Im Zuge des Open-Banking-Ansatzes gilt es, auch Embedded Financial Services als Umsatztreiber zu entdecken. Denn auch, wenn nicht alle Hausbanken von diesem Trend profitieren können, ist das Umsatzpotenzial dort immens. Denn immer mehr Unternehmen erkennen, dass Finanzprodukte auch zu ihrem eigenen Kernprodukt gehören. Grundsätzlich ist jedes Unternehmen betroffen, das eine Dienstleistung oder ein Produkt verkauft, da die Zahlung die Customer Journey abschließt: Erst mit erfolgreicher Bezahlung erhält das Unternehmen seinen Umsatz und einen zufriedenen Kunden. Die Unternehmen können zudem hierdurch auch den Customer Value ihrer Kunden erhöhen, indem z.B. bei Abschluss einer 0-Prozent-Finanzierung der Warenkorb der Kunden erhöht wird und die Unternehmen im besten Fall einen Zusatzertrag im Rahmen eines Affiliate-Programms erhalten.
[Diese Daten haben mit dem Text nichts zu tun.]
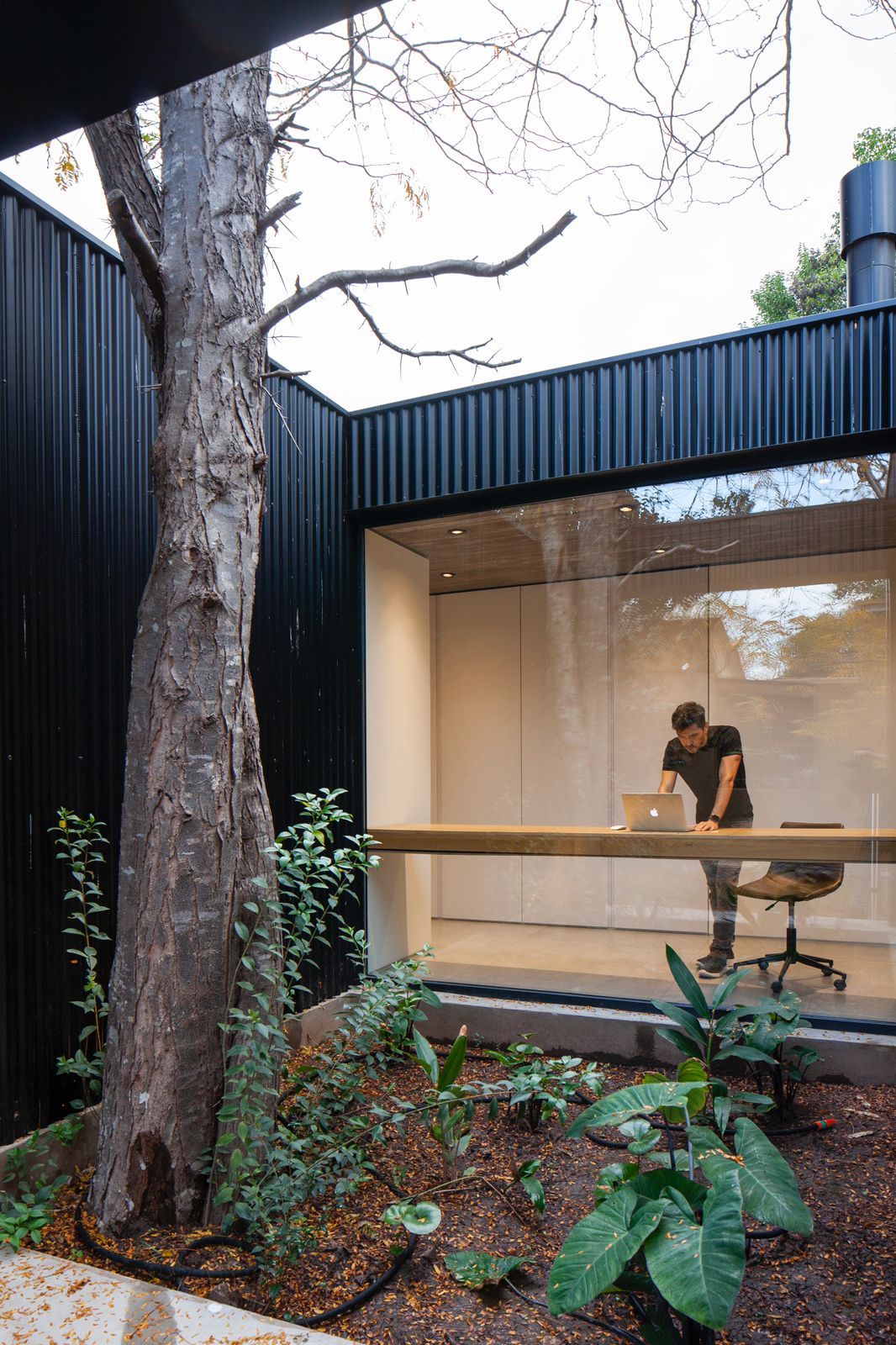 Casa Oslo Estudio PK Just Crea 3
Embedded Financial Services bedeuten, dass jedes digitale Unternehmen zum FinTech werden kann. Für FinTechs ist das eine gute und eine schlechte Nachricht zugleich. Die gute Nachricht ist, dass es für zukünftige Gründer einfacher wird, Geschäftsmodelle auf Basis einer Banken-Infrastruktur aufzubauen. Die schlechte Nachricht für bestehende FinTechs: Unternehmen aus sehr verschiedenen Branchen werden in Zukunft Finanzdienstleistungen anbieten, denn für die Einbindung einer 0-Prozent-Finanzierung im Checkout-Prozess braucht es weder Bank noch FinTech. Hierbei übernimmt das Kunden-Frontend die Nicht-Bank, während der Finanzdienstleister für Regulatorik und Abwicklung zuständig ist.

Dementsprechend müssen nicht nur Banken, sondern auch FinTechs ihre Aktivitäten noch weiter an Orte verlagern, an denen die tatsächlichen Kundenaktivitäten stattfinden. Für beide gilt es, sich somit als attraktiver Financial Embedded Service Anbieter für den Handel zu positionieren.

Embedded Financial Services führen zu Vorteilen für die Banken

Insbesondere die großen B2C-Banken müssen hierfür massiv in die eigene IT-Infrastruktur investieren, um anderen Unternehmen Embedded Financial Services anbieten zu können. Denn allgemein ist hierfür eine moderne Bankeninfrastruktur mit entsprechenden Schnittstellen notwendig.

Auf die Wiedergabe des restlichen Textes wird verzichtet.